> EXERCISE INPUTS:
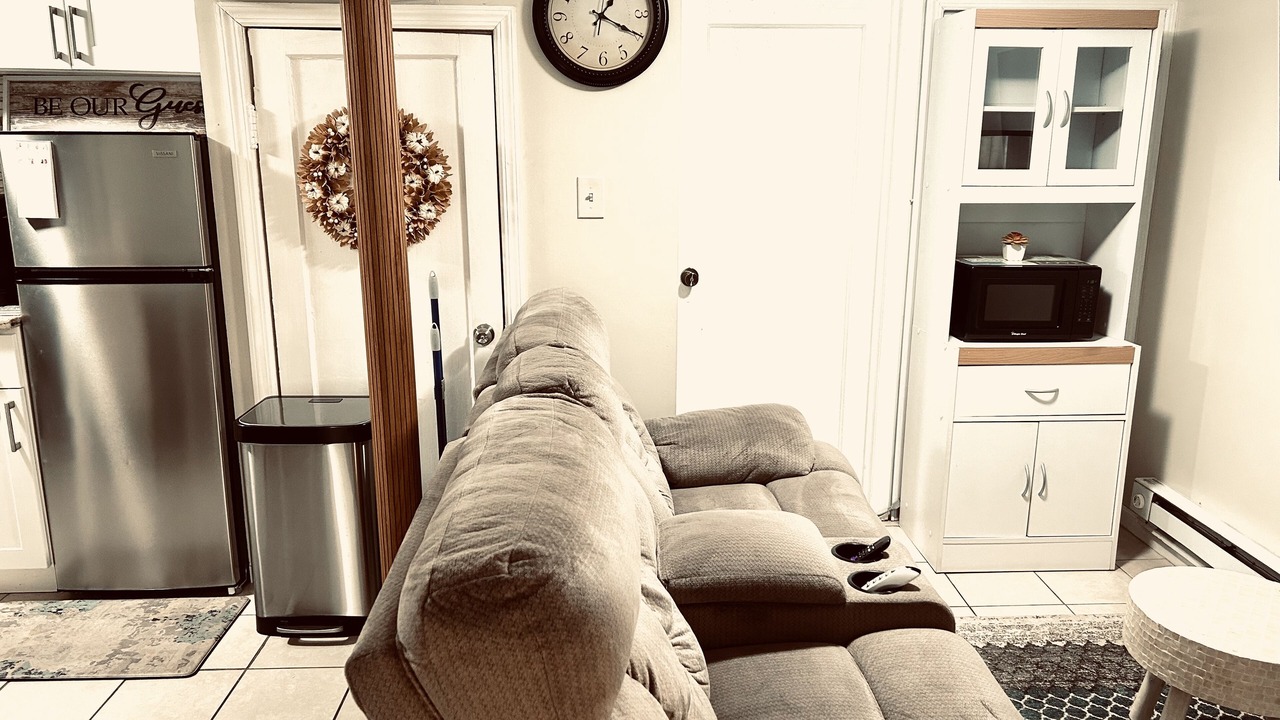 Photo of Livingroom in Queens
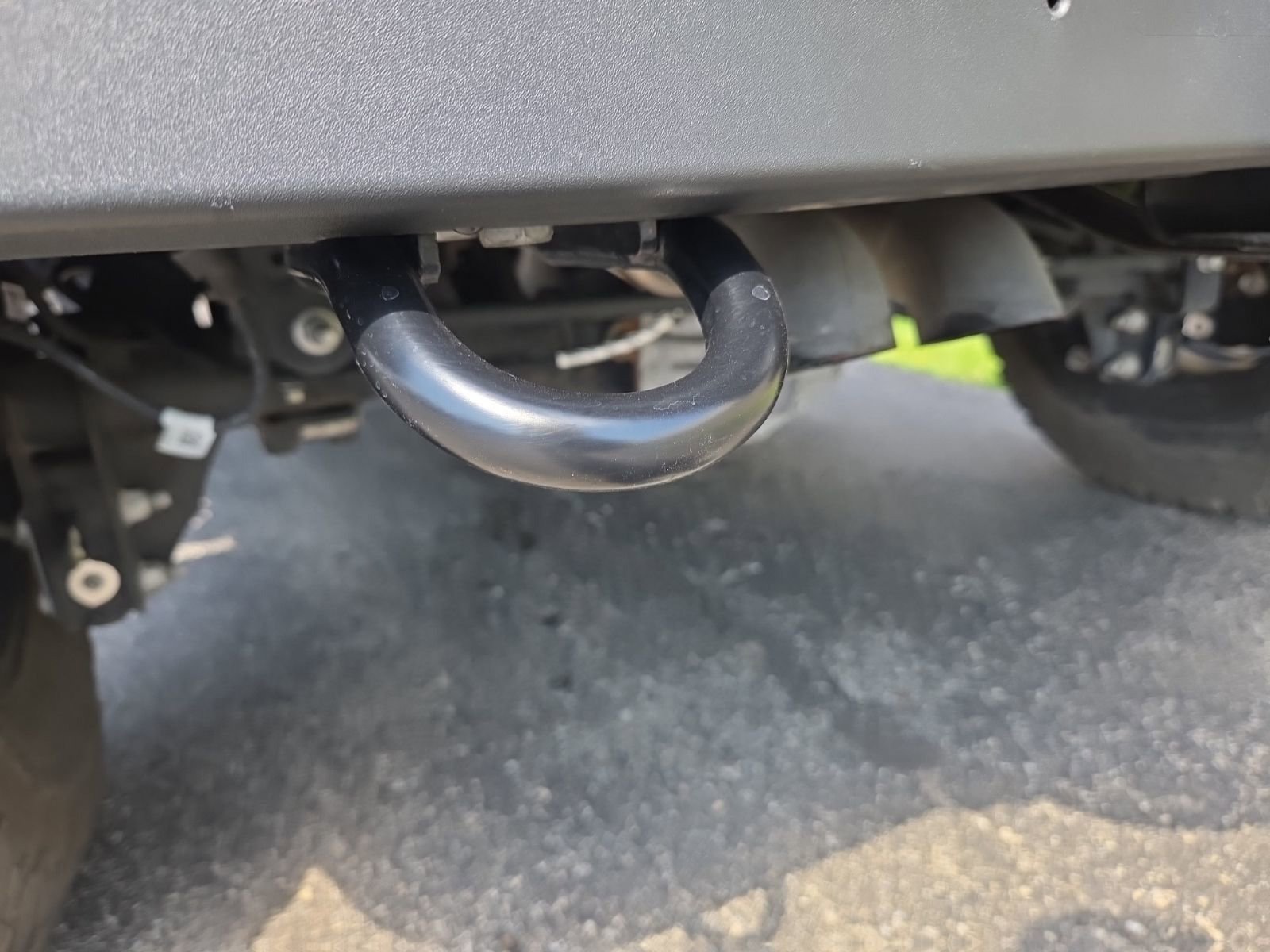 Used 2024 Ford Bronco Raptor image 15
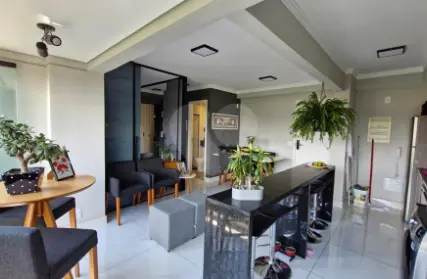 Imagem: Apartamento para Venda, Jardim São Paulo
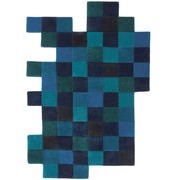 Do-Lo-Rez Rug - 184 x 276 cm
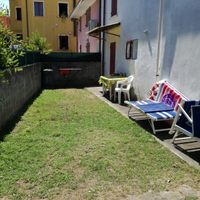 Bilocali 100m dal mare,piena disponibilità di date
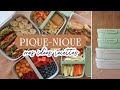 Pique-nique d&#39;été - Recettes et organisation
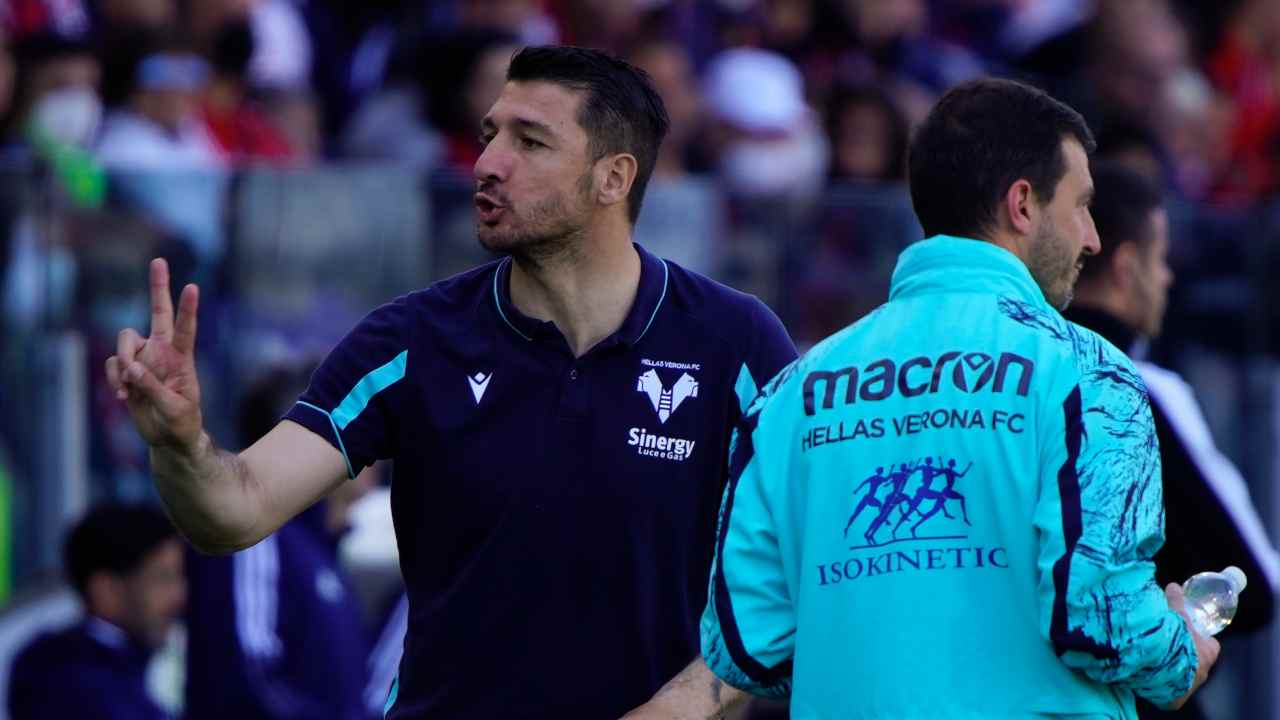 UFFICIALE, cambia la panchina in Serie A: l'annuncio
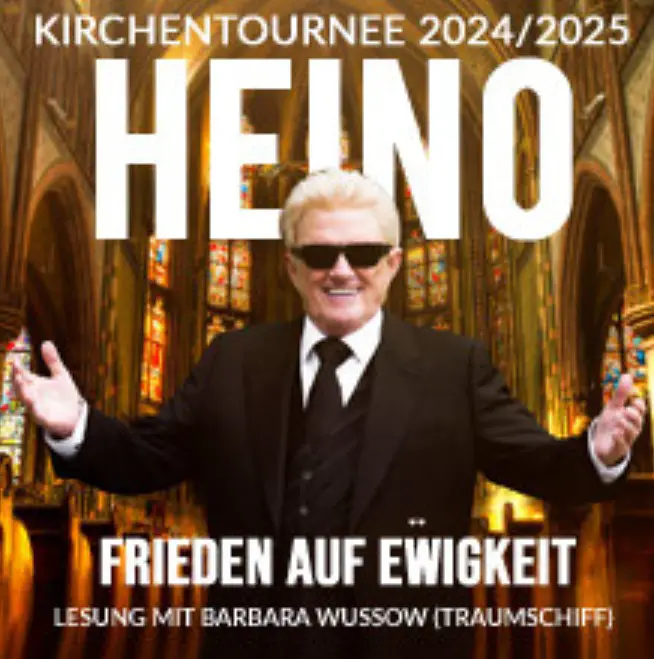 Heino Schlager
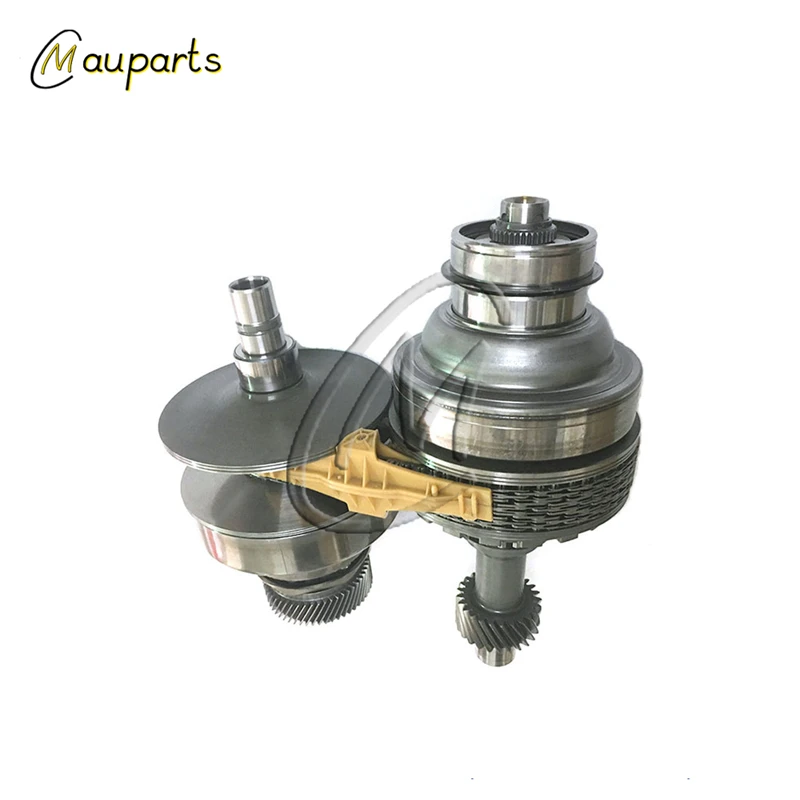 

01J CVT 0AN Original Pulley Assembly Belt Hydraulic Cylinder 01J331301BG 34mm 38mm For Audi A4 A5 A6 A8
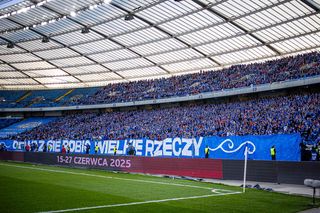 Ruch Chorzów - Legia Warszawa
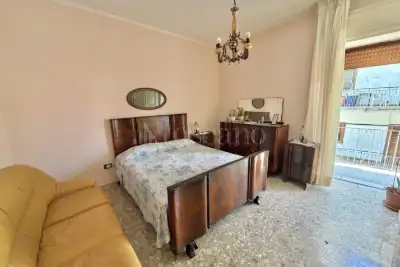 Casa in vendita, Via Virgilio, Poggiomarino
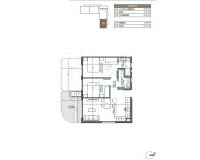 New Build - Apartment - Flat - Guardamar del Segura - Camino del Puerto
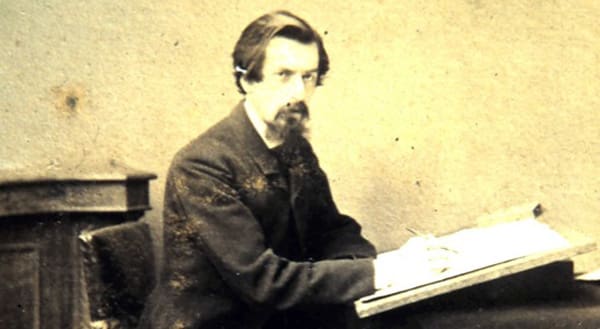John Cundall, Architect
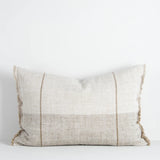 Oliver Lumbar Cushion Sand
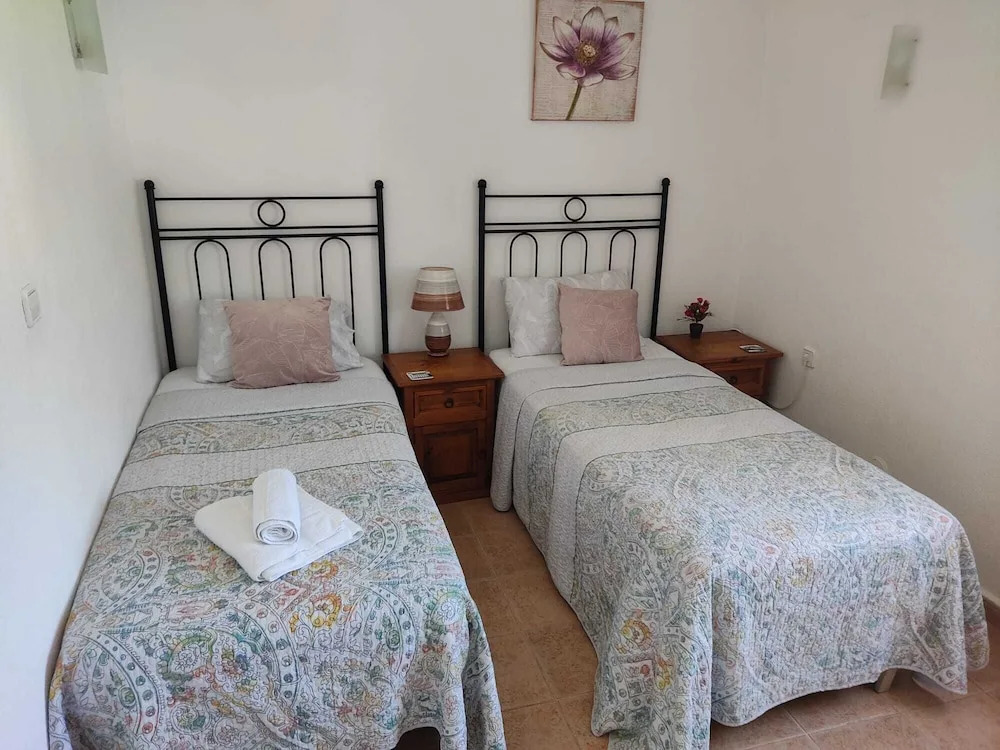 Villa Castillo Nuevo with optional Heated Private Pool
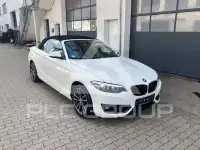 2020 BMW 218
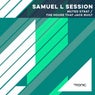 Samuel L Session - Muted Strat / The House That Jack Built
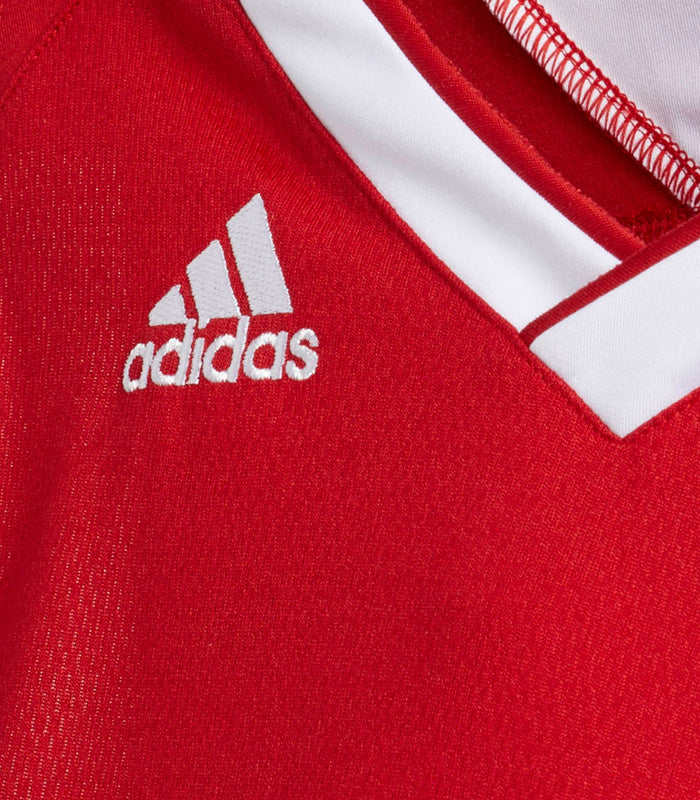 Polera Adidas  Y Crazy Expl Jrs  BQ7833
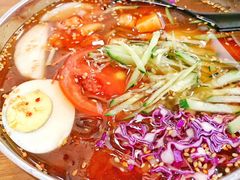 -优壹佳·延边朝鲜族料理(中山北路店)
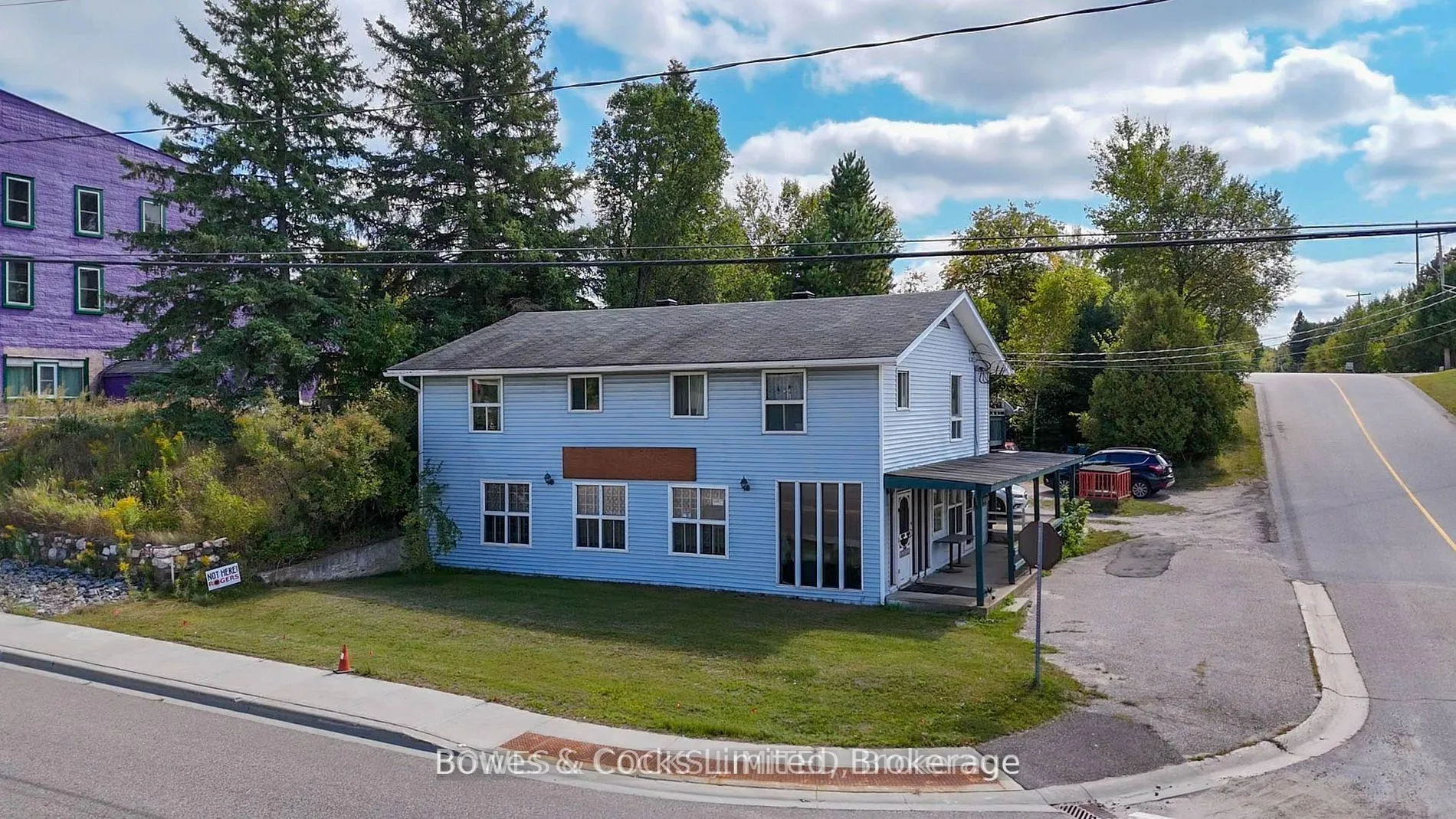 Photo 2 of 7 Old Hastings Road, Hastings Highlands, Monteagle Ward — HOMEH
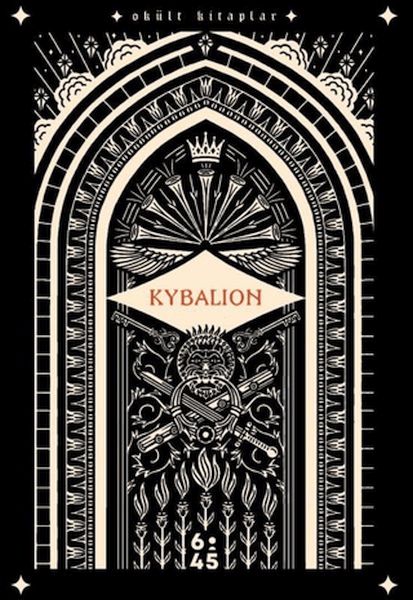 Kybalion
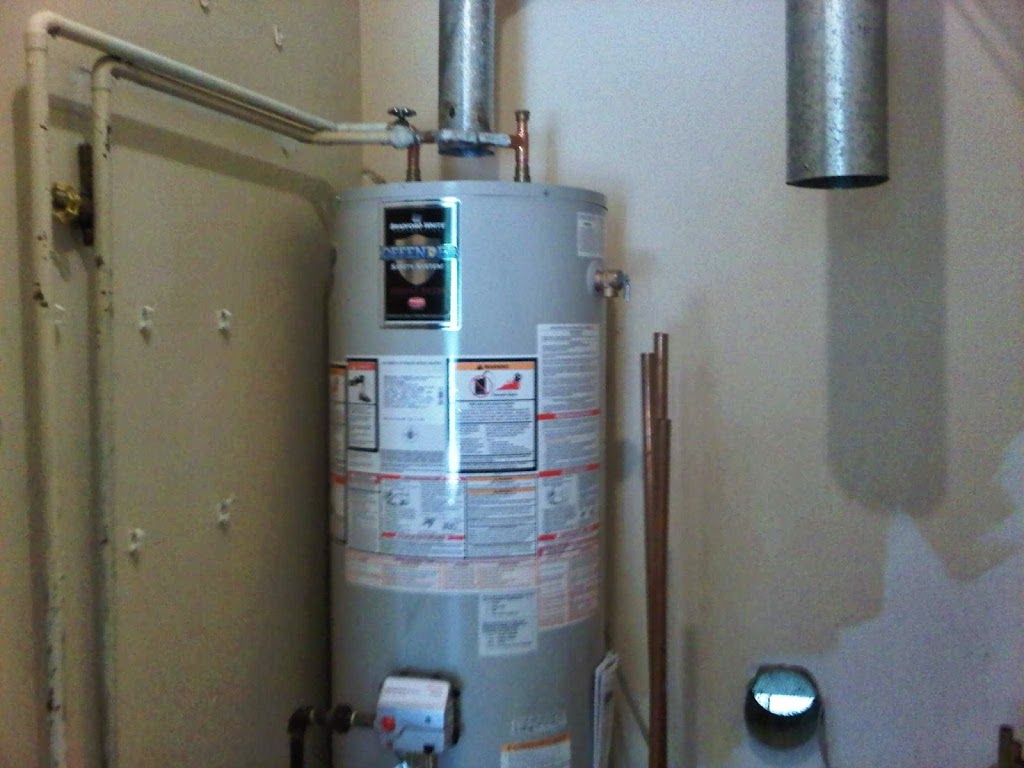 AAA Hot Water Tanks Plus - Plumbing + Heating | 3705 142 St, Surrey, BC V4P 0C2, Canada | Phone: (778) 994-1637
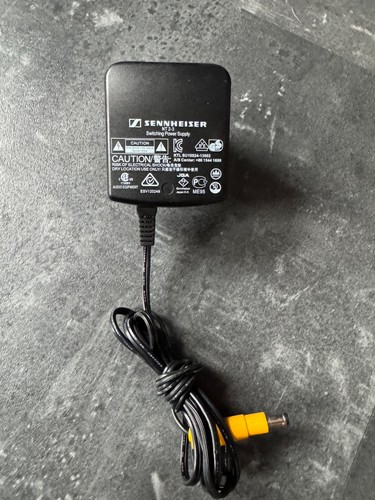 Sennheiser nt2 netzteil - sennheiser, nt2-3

> EXERCISE INSTRUCTIONS: Leave out the pictures, and write out exactly the lines from the line containing "Samuel L Session" through the end of the records above.

> THE ANSWER:
 Samuel L Session - Muted Strat / The House That Jack Built
 Polera Adidas  Y Crazy Expl Jrs  BQ7833
 -优壹佳·延边朝鲜族料理(中山北路店)
 Photo 2 of 7 Old Hastings Road, Hastings Highlands, Monteagle Ward — HOMEH
 Kybalion
 AAA Hot Water Tanks Plus - Plumbing + Heating | 3705 142 St, Surrey, BC V4P 0C2, Canada | Phone: (778) 994-1637
 Sennheiser nt2 netzteil - sennheiser, nt2-3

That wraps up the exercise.